Обсуждение: pgsql: Fast promote mode skips checkpoint at end of recovery.

Поиск
Список
Период
Сортировка

pgsql: Fast promote mode skips checkpoint at end of recovery.

От
Simon Riggs
Дата:
Fast promote mode skips checkpoint at end of recovery.
pg_ctl promote -m fast will skip the checkpoint at end of recovery so that we
can achieve very fast failover when the apply delay is low. Write new WAL record
XLOG_END_OF_RECOVERY to allow us to switch timeline correctly for downstream log
readers.

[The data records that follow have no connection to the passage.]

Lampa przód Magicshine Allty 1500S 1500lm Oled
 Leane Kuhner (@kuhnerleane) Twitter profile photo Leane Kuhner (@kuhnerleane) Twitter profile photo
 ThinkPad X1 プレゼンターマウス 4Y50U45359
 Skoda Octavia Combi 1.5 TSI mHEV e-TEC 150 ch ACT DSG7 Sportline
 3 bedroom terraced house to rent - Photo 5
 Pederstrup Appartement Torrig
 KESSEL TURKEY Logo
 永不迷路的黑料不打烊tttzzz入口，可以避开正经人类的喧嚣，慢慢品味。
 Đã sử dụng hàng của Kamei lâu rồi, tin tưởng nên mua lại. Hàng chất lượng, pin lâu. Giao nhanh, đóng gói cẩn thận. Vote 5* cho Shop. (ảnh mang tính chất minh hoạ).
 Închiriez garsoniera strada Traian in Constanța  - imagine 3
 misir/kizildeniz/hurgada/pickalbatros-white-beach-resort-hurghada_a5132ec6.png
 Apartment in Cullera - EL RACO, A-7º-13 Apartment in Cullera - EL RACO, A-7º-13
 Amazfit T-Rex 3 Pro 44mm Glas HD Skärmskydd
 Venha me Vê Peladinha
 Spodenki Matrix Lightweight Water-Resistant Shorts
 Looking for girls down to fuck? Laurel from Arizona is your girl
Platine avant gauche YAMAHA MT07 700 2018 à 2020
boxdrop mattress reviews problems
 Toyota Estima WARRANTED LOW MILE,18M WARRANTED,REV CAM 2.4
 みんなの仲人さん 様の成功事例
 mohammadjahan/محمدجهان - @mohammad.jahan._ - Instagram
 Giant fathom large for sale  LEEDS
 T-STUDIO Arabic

If we skip synchronous end of recovery checkpoint we request a normal
spread checkpoint so that the window of re-recovery is low.

Simon Riggs and Kyotaro Horiguchi, with input from Fujii Masao.
Review by Heikki Linnakangas

Branch
------
master

Details
-------
http://git.postgresql.org/pg/commitdiff/fd4ced5230162b50a5c9d33b4bf9cfb1231aa62e

Modified Files
--------------
src/backend/access/rmgrdesc/xlogdesc.c |   10 ++
src/backend/access/transam/xlog.c      |  192 +++++++++++++++++++++++++++-----
src/bin/pg_ctl/pg_ctl.c                |   18 +++-
src/include/access/xlog_internal.h     |    6 +
src/include/catalog/pg_control.h       |    1 +
5 files changed, 195 insertions(+), 32 deletions(-)

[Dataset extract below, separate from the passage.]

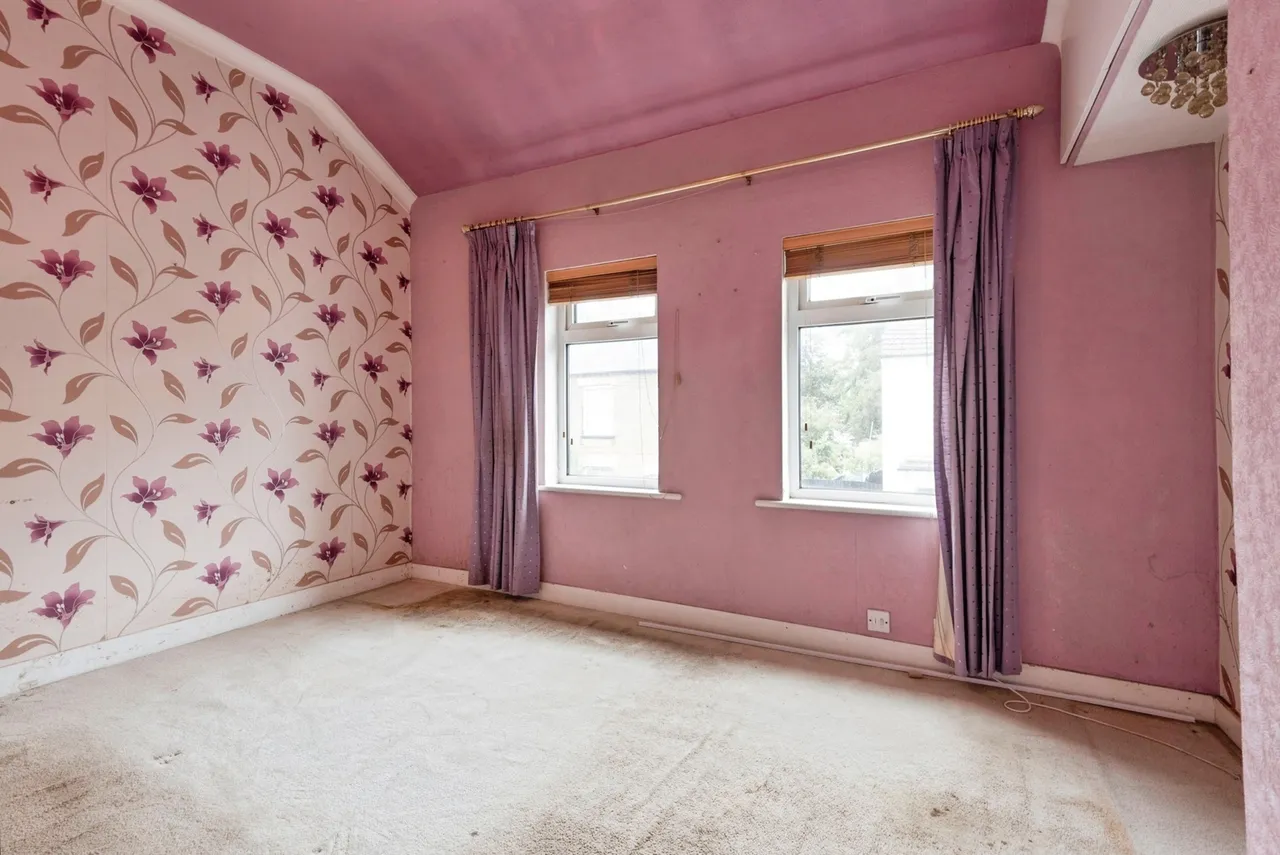 Lawrence Road, Biggleswade, Bedfordshire, SG18, photo 8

Re: pgsql: Fast promote mode skips checkpoint at end of recovery.

От
Heikki Linnakangas
Дата:
On 29.01.2013 02:07, Simon Riggs wrote:
> +            /*
> +             * If we've been explicitly promoted with fast option,
> +             * end of recovery without a checkpoint if possible.
> +             */
> +            if (fast_promote)
> +            {
> +                checkPointLoc = ControlFile->prevCheckPoint;
> +                record = ReadCheckpointRecord(xlogreader, checkPointLoc, 2, false);
> +                if (record != NULL)
> +                {
> +                    checkpoint_wait = false;
> +                    CreateEndOfRecoveryRecord();
> +                }
> +            }

If we must have this ReadCheckPointRecord check, it needs more than zero
comments. Also, if it ever fails for some reason, I'd like to have a big
fat warning in the log to caution that something went badly wrong.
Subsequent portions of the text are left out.